Consider the training process, whereby we aim to find the set of parameters θ that lead to the best performance. The latter can be accomplished, for instance, by minimizing a loss function θ𝐿(θ) encoding the task at hand. Some methods for training QML models are leveraged from classical ML, such as stochastic gradient descent. However, shot noise, hardware noise and unique landscape features often make off-the-shelf classical optimization methods perform poorly for QML training. (This is due to the fact that extracting information from a quantum state requires computing the expectation values of some observable, which in practice need to be estimated via measurements on a noisy quantum computer. Hence, given a finite number of shots (measurement repetitions), these can only be resolved up to some additive errors. Moreover, such expectation values will be subject to corruption due to hardware noise.) This realization led to development of quantum-aware optimizers, which account for the quantum idiosyncrasies of the QML training process. For example, shot-frugal optimizers^50,51,52,53 can employ stochastic gradient descent while adapting the number of shots (or measurements) needed at each iteration, so as not to waste too many shots during the optimization. Quantum natural gradient^54,55 adjusts the step size according to the local geometry of the landscape (on the basis of the quantum Fisher information metric). These and other quantum-aware optimizers often outperform standard classical optimization methods in QML training tasks.

For the case of supervised learning, we are interested not only in learning from a training dataset but also in making accurate predictions on (generalizing to) previously unseen data. This translates into achieving small training and prediction errors, with the second usually hinging on the first. Thus, let us now consider prediction error, also known as generalization error, which has been studied only very recently for QML^{13,14,35,37,56,57}. Formally speaking, this error measures the extent to which a trained QML model performs well on unseen data.

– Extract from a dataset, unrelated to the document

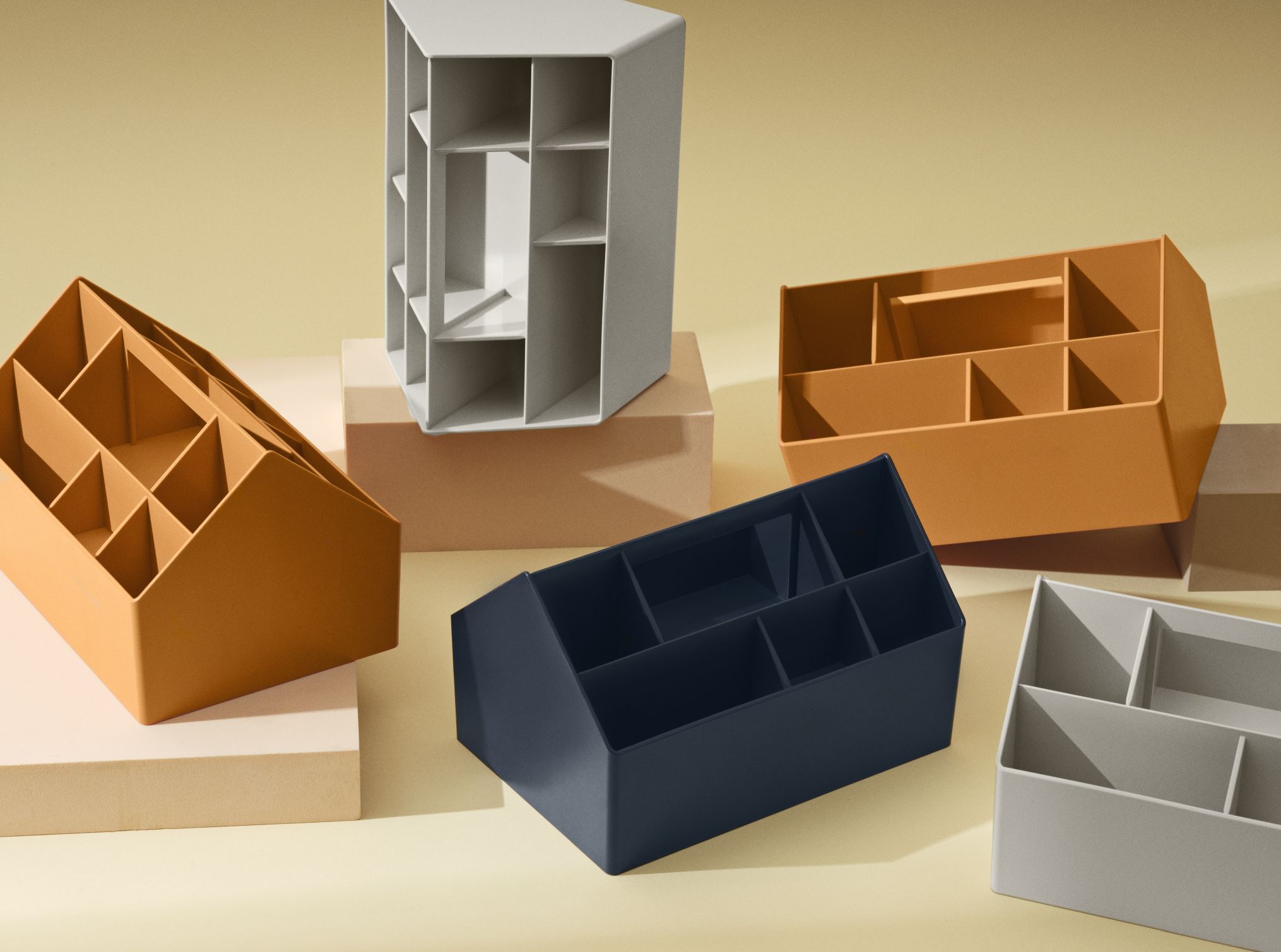 Mehrere Muuto Sketch Toolbox Organisationsboxen in verschiedenen Farben auf beigem Hintergrund.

Prediction error depends on the training error as well as the complexity of the trained model. If the training error is large, the prediction error is also typically large. If the training error is small but the complexity of the trained model is large, then the prediction error is likely still large. The prediction error is small only if training error is itself small and the complexity of the trained model is moderate (that is, sufficiently smaller than training data size)^14,35. The notion of complexity depends on the QML model. We have a good understanding of the complexity of quantum kernel methods^13,14, while more research is needed on QNN complexity. Recent theoretical analysis of QNNs shows that their prediction performance is closely linked to the number of independent parameters in the QNN, with good generalization obtained when the number of training data is roughly equal to the number of parameters³⁵. This gives the exciting prospect of using only a small number of training data to obtain good generalization.